A Citomegalovirose congênita (CMVc) é a infecção congênita viral mais comum, afetando cerca de 0,2% a 2% dos nascidos vivos globalmente. É uma das principais causas infecciosas de deficiência neurológica e perda auditiva em crianças. O vírus CMV é ubíquo e a infecção primária materna ou a reativação durante a gestação podem levar à transmissão vertical, com maior risco de sequelas em infecções primárias no primeiro trimestre. O diagnóstico da CMVc é desafiador, pois a maioria dos recém-nascidos é assintomática ao nascimento. No entanto, em casos sintomáticos, como o descrito, a apresentação pode incluir restrição de crescimento intrauterino, microcefalia, hepatoesplenomegalia, icterícia, petéquias e, classicamente, calcificações periventriculares na ultrassonografia cerebral. A perda auditiva neurossensorial, detectada pela falha no teste da orelhinha, é uma sequela comum e pode ser a única manifestação, inclusive de forma tardia ou progressiva. A confirmação diagnóstica é feita pela detecção do DNA viral (PCR) em urina, saliva ou sangue do recém-nascido nas primeiras 3 semanas de vida. O tratamento com ganciclovir ou valganciclovir é indicado para recém-nascidos sintomáticos com envolvimento do SNC ou perda auditiva, visando reduzir a progressão da perda auditiva e melhorar os desfechos neurológicos. O acompanhamento multidisciplinar é essencial para monitorar e intervir nas sequelas.
Os achados mais sugestivos incluem restrição de crescimento intrauterino (PIG), microcefalia, icterícia, hepatoesplenomegalia, petéquias, e, na ultrassonografia transfontanela, calcificações periventriculares.

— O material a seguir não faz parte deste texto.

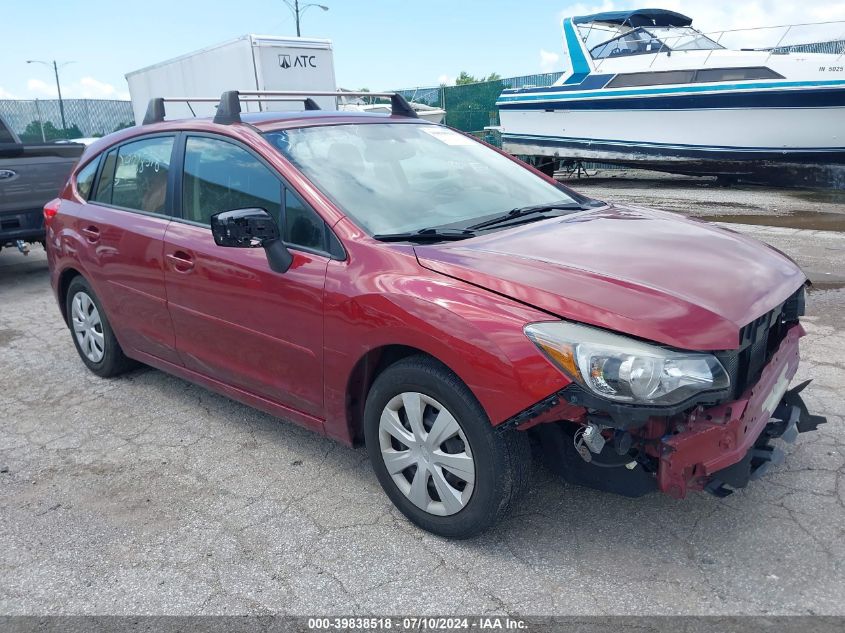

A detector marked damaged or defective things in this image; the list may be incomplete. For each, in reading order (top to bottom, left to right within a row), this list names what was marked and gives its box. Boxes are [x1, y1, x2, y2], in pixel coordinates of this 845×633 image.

crumpled bumper [660, 324, 824, 496]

A falha no teste da orelhinha bilateralmente também é um forte indicador de perda auditiva neurossensorial.
Embora algumas características se sobreponham, as calcificações periventriculares são mais típicas de CMV, enquanto as calcificações difusas ou intraparenquimatosas são mais comuns na toxoplasmose. A rubéola congênita classicamente causa catarata, cardiopatia e surdez, e a sífilis congênita tem manifestações mucocutâneas e ósseas específicas.
A falha no teste da orelhinha (triagem auditiva neonatal) é um achado crucial, pois a perda auditiva neurossensorial é uma sequela comum e muitas vezes a única manifestação da Citomegalovirose congênita, podendo ser progressiva e tardia. Sua detecção precoce permite intervenção para minimizar o impacto no desenvolvimento da linguagem.